I've got two churches that i'd like to submit bids to this year, equipment is two 3/4 ton trucks with boss v plows, one skid steer with a pusher and a sidewalk crew. Address for both properties are 5400 west 75th street prairie village kansas 66208 (62000 sq ft) and the other is 1001 east 52nd street kansas city mo 64110 (total sq ft of parking lot is 55945 square feet) What would you guys charge to plow and salt these lots? any help is greatly appreciated!!!!!!!


----------



## BUFF (Dec 24, 2009)

With that much equipment you're going to be tripping on yourself. 
In my market they would be in the $250.00 <> range for 1-4".


----------



## 1olddogtwo (Aug 6, 2007)

7 Hail Marys


----------



## Mark Oomkes (Dec 10, 2000)

BUFF;2015519 said:


> With that much equipment you're going to be tripping on yourself.
> In my market they would be in the $250.00 <> range for 1-4".


Cut him a break, he's close to Missouri.


----------



## AUDRAIN PLOWER (Feb 18, 2006)

250 -300 price range would be normal for here that dosent include ice melt though


----------



## teamgreendude (Aug 23, 2008)

I don't own the skid steer, my buddy who does concrete through the rest of the year lets me borrow it when needed.
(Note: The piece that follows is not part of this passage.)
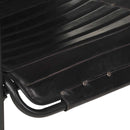 vidaXL fekete valódi bőr pihenőfotel lábtartóval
What would salt run for both lots??


----------



## Mark Oomkes (Dec 10, 2000)

teamgreendude;2015529 said:


> I don't own the skid steer, my buddy who does concrete through the rest of the year lets me borrow it when needed. What would salt run for both lots??


What are you paying for salt?

How are you applying it?


----------



## Dogplow Dodge (Jan 23, 2012)

1olddogtwo;2015520 said:


> 7 Hail Marys


And a bowl of chili con carne, with cheese and raw onion.

Some parishioners do snow removal as part of their participation in the church. The church I did this and l last year was like that. The parishioners shoveled the stools and some walkways, while I did the lots and collected all the $$

Churches have $$ so their budget dictates what they'll pay, for the most part


----------



## teamgreendude (Aug 23, 2008)

Mark Oomkes;2015551 said:


> What are you paying for salt?
> 
> How are you applying it?


doing bagged salt out of a saltdogg tailgate spreader, runs about $170 a pallet.


----------



## teamgreendude (Aug 23, 2008)

if i had to go the bulk route i figure that i'd have to charge about 180-250 per ton.


----------



## truckitup (Aug 21, 2011)

teamgreendude;2015559 said:


> doing bagged salt out of a saltdogg tailgate spreader, runs about $170 a pallet.


You will use about 10-13 bags on the 1st one and about 12-15 on the second one. Depends on how cold it is, How much sun the lot gets, and how much hard pack is down. I would salt it right after you push it, if you can.

I do not know the going rate for your area. Up here prices suck!!!!!!!

That is a good price on bagged salt. Last year up here it run about $275 a Pallet, and Morton salt is about 30 miles from the house.


----------